Posts tagged adventure
R E F L E C T I O N S
Himachal Pradesh, India

Himachal Pradesh, India

We have been back in the U.S. for the last couple months and the time has gone by fast. Studying and practicing in India has been very beneficial. It also gave us the opportunity to reflect on the past few years, where we would like to be in the future and how to cultivate Lamplighter with the motivation to benefit others.

The online store has been updated with some new inventory. While some of our products have changed, our emphasis has also changed a bit. Instead of focusing primarily on selling products, we are going to shift direction more toward building an online meditation and mindfulness community. This was our original motivation & vision for Lamplighter Company and we're looking forward to the journey ahead.

For now, our focus will be more on writing updates and blog posts. We are also open to suggestions on the content you would be interested in. Please keep in touch by email: info@lamplighterco.com or reach out on
Instagram: @lamplighterco.

We’re planning to return to India this winter, most likely before the Holiday season. All contributions and sales will go towards our practice and studies. Thank you all again for your time and support, wishing you many blessings.

Posted by Kate Dutton and John Almanzor on September 26, 2019.

HERE IN BODH GAYA
 
Mahabodhi Temple, Bodh Gaya, India

Mahabodhi Temple, Bodh Gaya, India

We arrived in Bodh Gaya the end of January but it feels like we’ve been here much longer than that! Bodh Gaya is a small, dusty town west of Varanasi in Bihar, one of the poorest states in India. Traditionally a farmland, it’s common to see cows, goats, chickens and dogs wandering the streets but it’s become quite a bustling tourist and pilgrimage destination. People from all over the world come to visit and pay homage to Siddhartha Gautama, known as the Buddha, who meditated and nearly starved himself to death before realizing what he called the Middle Way, when he became enlightened. It happened 2500 years ago, but somehow the energy of the place makes his presence very much alive today through the many people gathered around the holy site under the famous Bodhi tree making offerings and reciting prayers.

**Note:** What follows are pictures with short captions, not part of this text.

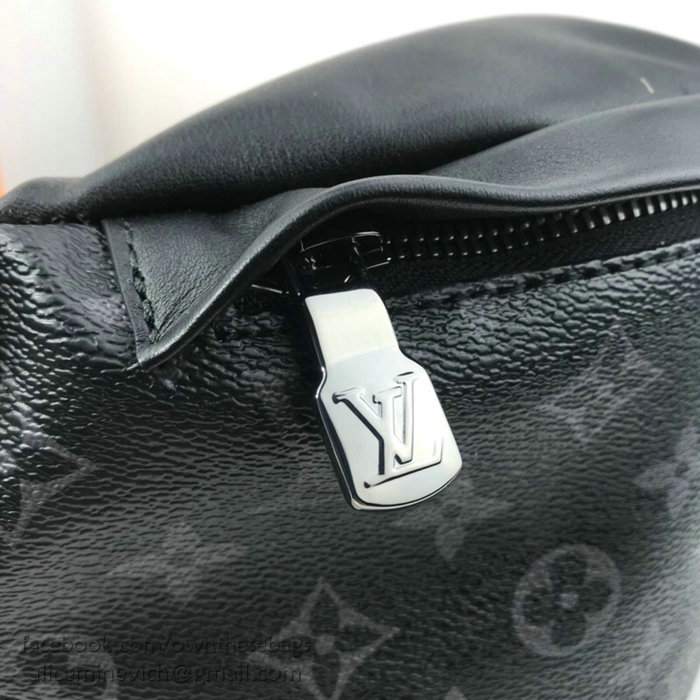 Louis Vuitton Monogram Eclipse Bumbag M43644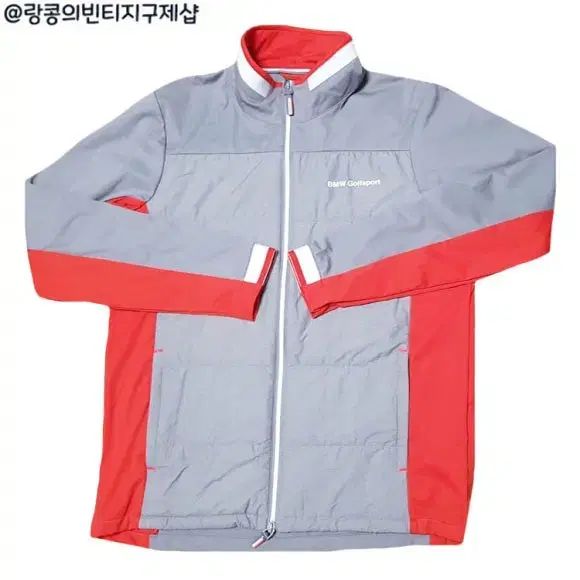 BMW ゴルフ ストリート ジャケット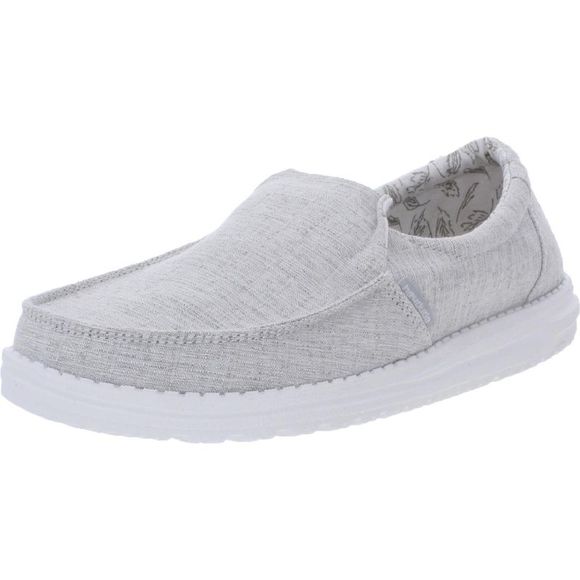 Mocassin Femme Hey Dude Femme - Misty Rise Loafer (Mocassins Ultra Confortables) - Léger Et Facile à Enfiler Chaussures Bateau Femme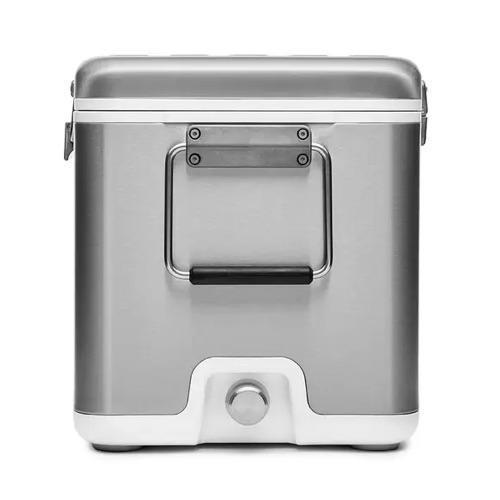 YETI V Series Stainless Steel Cooler STAINLESS STEEL / イエティ V 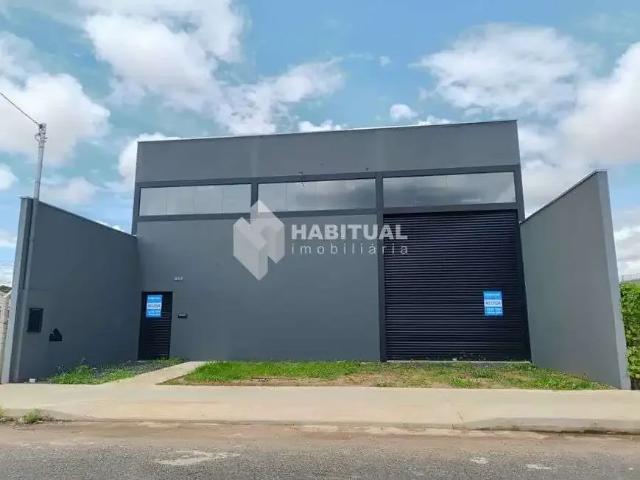 Galpão aluguel em Setor Norte, Uberlândia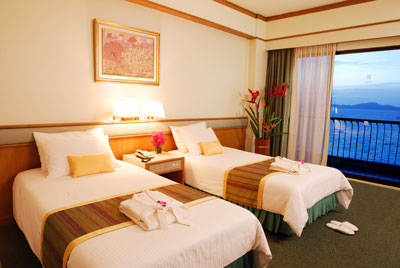 Cosy Beach Hotel Pattaya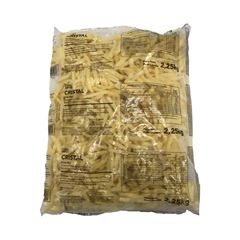 BATATA CORTE FINO COOLMIND CRISTAL 2,25K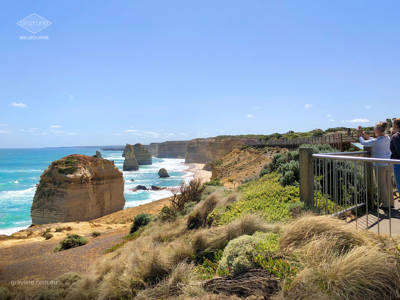 The Twelve Apostles, Great Ocean Road, Victoria Australia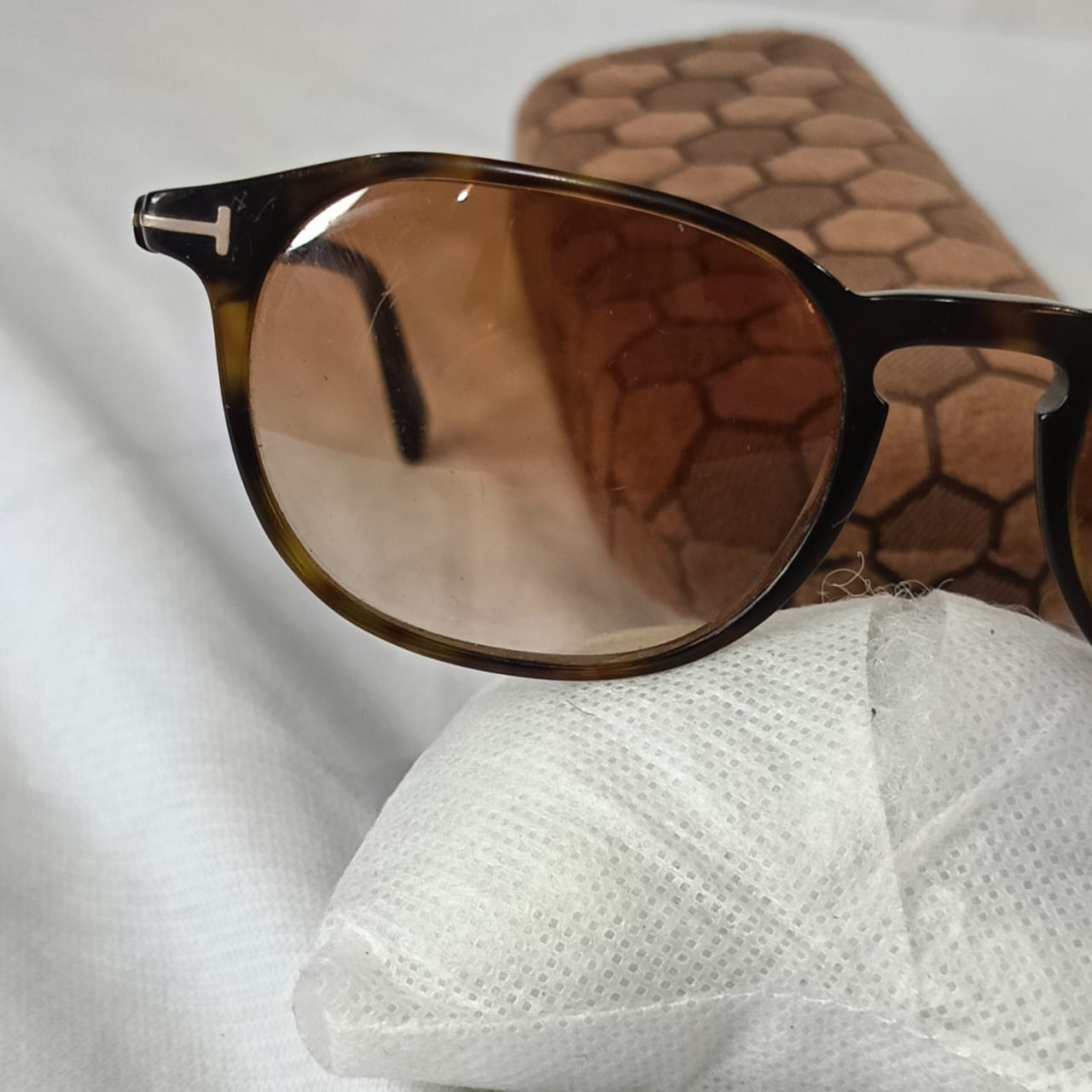 Lunette tom Ford USA original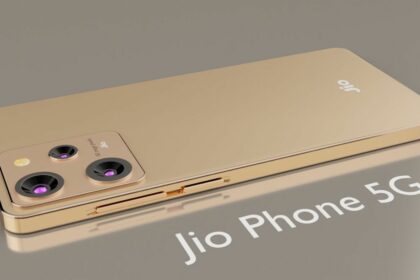 Jio Phone 5G Price in India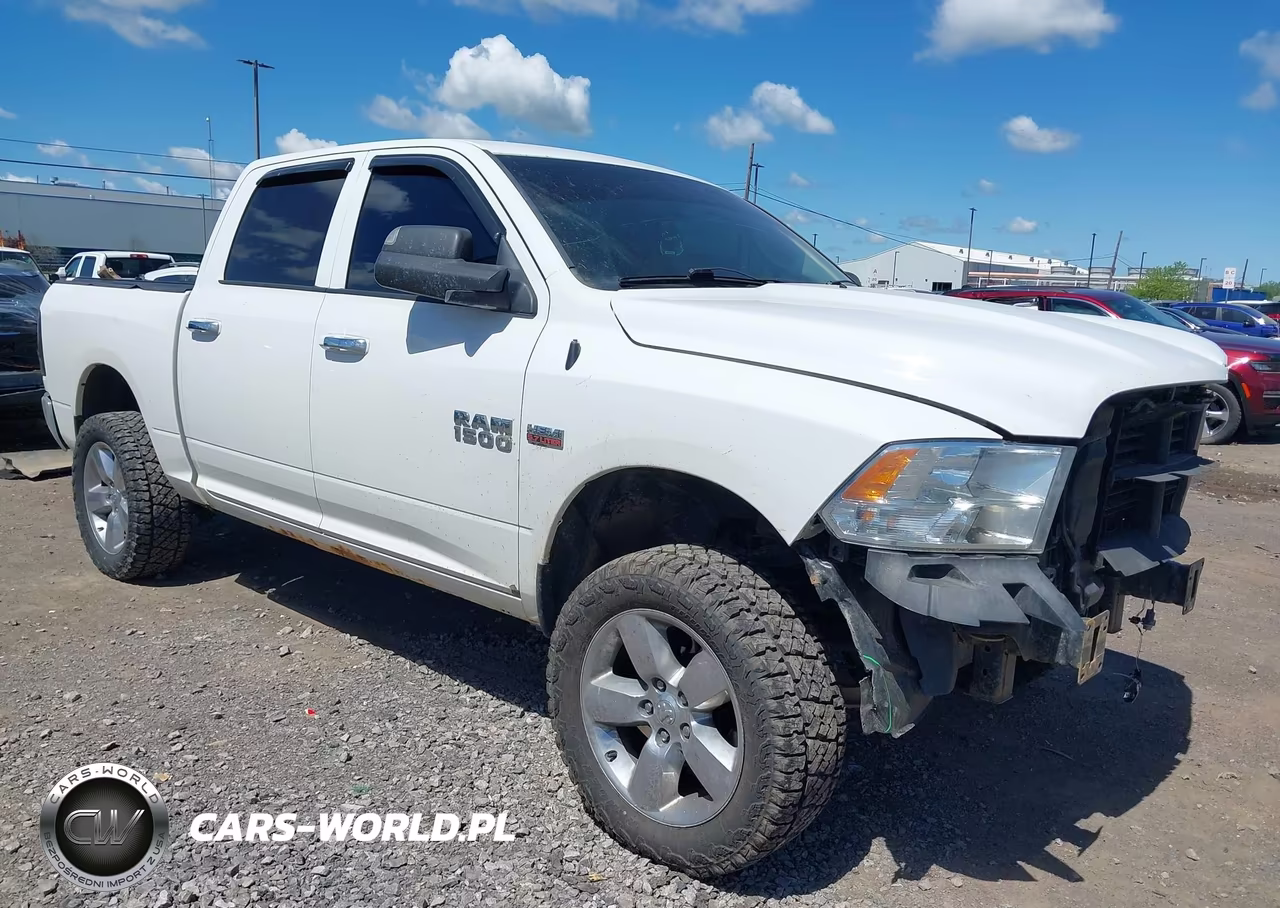 2015 Ram 1500 Big Horn – zdjęcie 1 z 21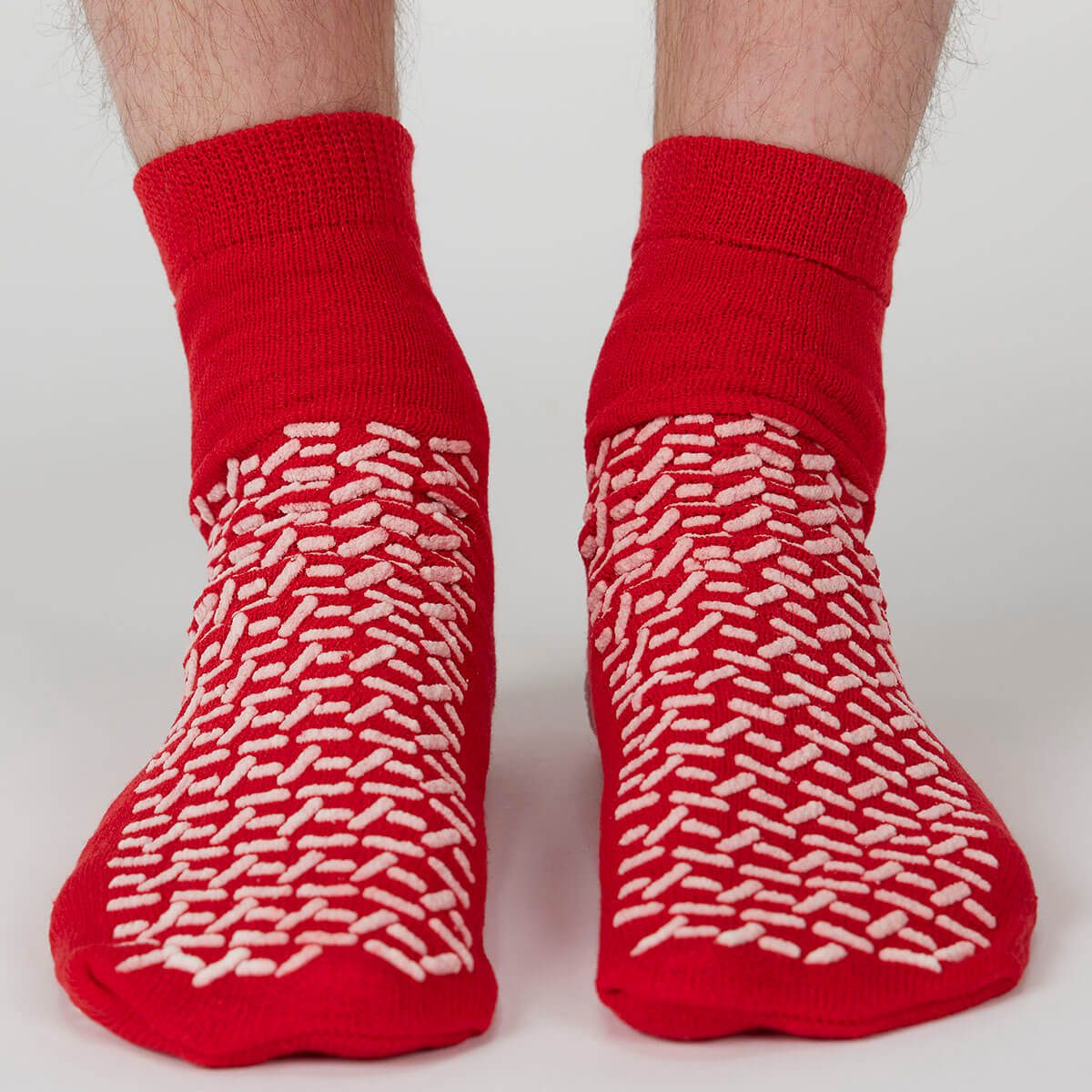 Fall Prevention Socks Universal Size Interweave Healthcare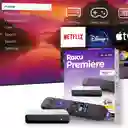 Dispositivo Streaming Roku Premiere Hd 4k Hdr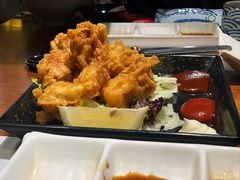 三味炸鸡-热血兄弟·炭火烤肉(融侨中心店)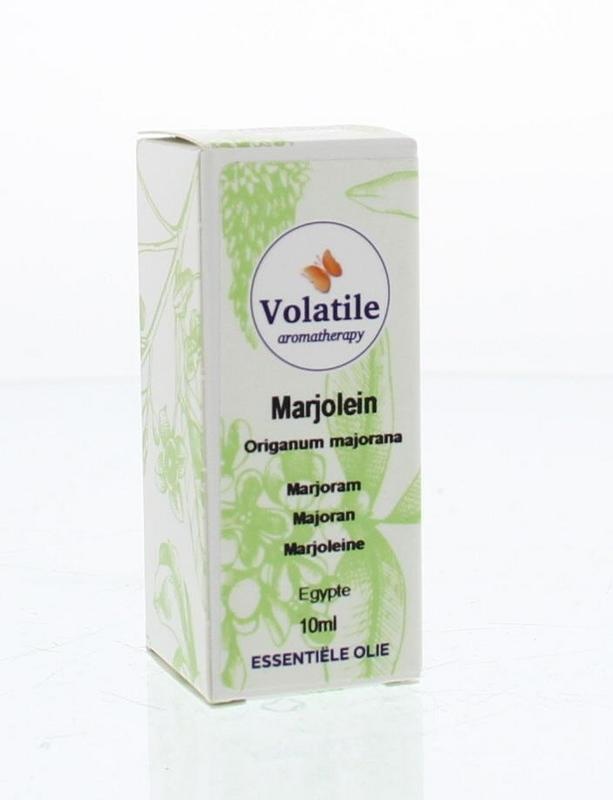 Volatile Volatile Majoran (10 ml)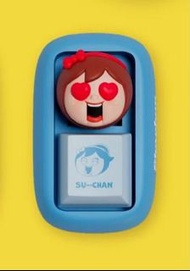 Sho Chan Keycaps 小燦 燦子鍵帽 Chi-chan Sho-chan  Soap Studio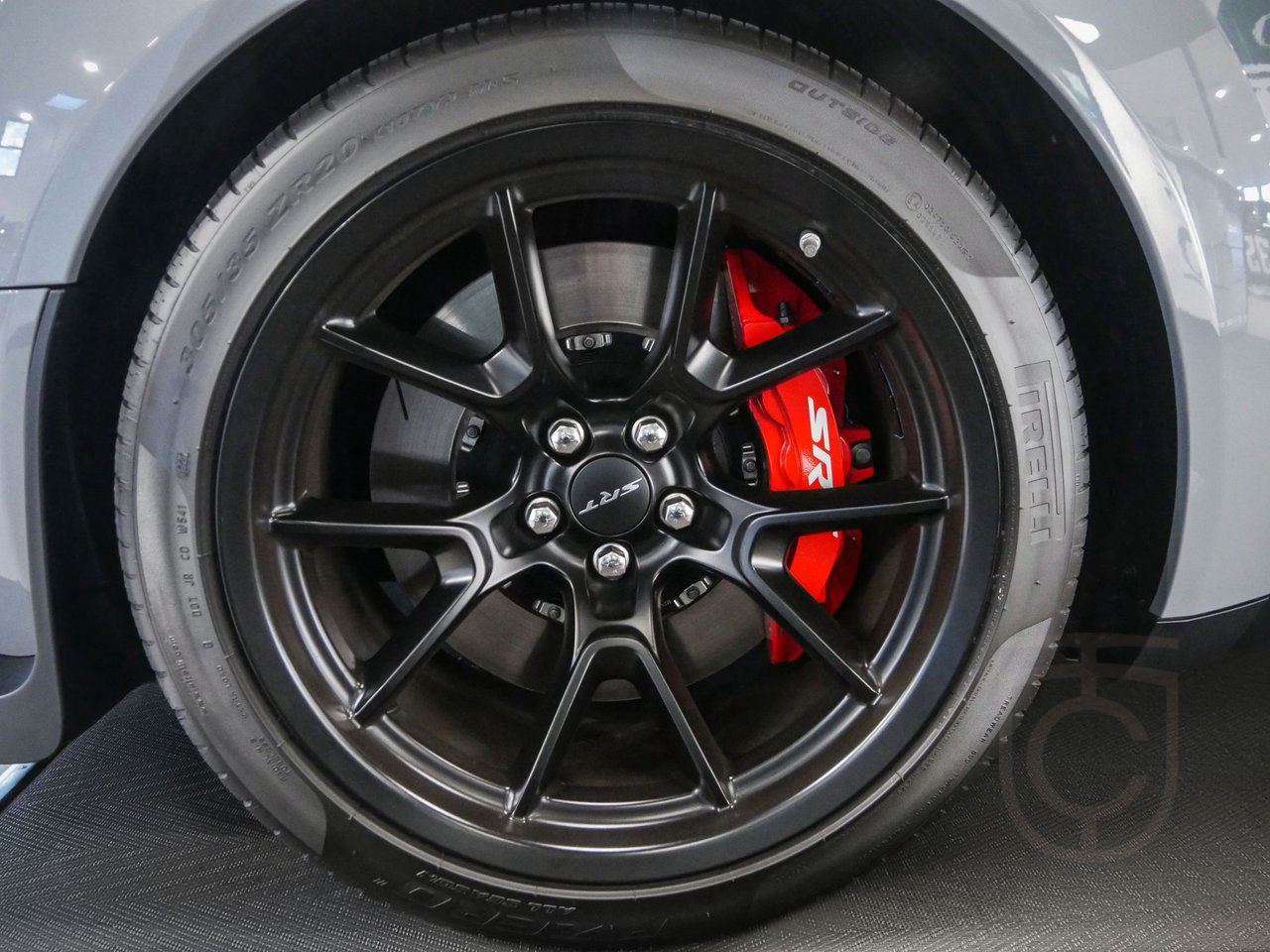 Dodge Challenger HELLCAT REDEYE WIDEBODY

Just outside the Mahabodhi Temple complex, which is where the main temple and Bodhi tree resides, is a busy hustle and bustle of beggars, children, and those who are disabled, sick and aging asking for money as well as many street vendors selling flowers, butter lamps and much more to the visitors. The Buddha’s first teaching in Sarnath called the First Noble Truth where he stated, “There is suffering” is alive in every moment in Bodh Gaya. The harsh conditions have weathered the local folk and it all becomes part of the greater picture as to why the Buddha chose to become enlightened here. Perhaps if he chose an area where people were really healthy, rich or overall doing well then his teachings wouldn’t have such resonance.

Our lives here have been quite simple. We’re staying in a guest house about 1/2 mile from the complex. We eat all of our meals at the Tibetan Om restaurant, which mostly consists of Momos (Tibetan dumplings) and Banana tsampa (wheat porridge). The food is delicious and homemade by a very kind Tibetan family. We visit the Mahabodhi temple each day and practice. And we also have been practicing at Tergar monastery. I’m really grateful for the opportunity to be here, it’s profoundly inspiring for our practice and I hope to benefit others more in the future.

Posted by Kate Dutton on February 17, 2019.

 
REFLECTIONS
 
View from Royal Arch, Boulder, CO

View from Royal Arch, Boulder, CO

Getting ready to leave for India in the next few weeks and reflecting on how grateful I am for the past year in Colorado. The teachings and retreats we attended, growing both our practice and business, connecting with different communities and exploring the beautiful nature. We’ve grown a lot. The vulnerability is creeping in again, that familiar feeling of the excitement of what’s to come and the fear of letting go. In a recent teaching, I heard a teacher say that renunciation is not about giving up this or that, it’s not about not caring about things anymore. It’s about putting yourself in line with the teachings so that you can better yourself and others. It’s really hard to give up the familiar comforts of living here but I hope that through our meditation practice and study in India we can cultivate ourselves to be of more benefit to others. It might not seem logical or practical, I’m not going to India for specifically business reasons. I’m following my heart and my devotion to making the world a better place.

Posted by Kate Dutton on January 7, 2019.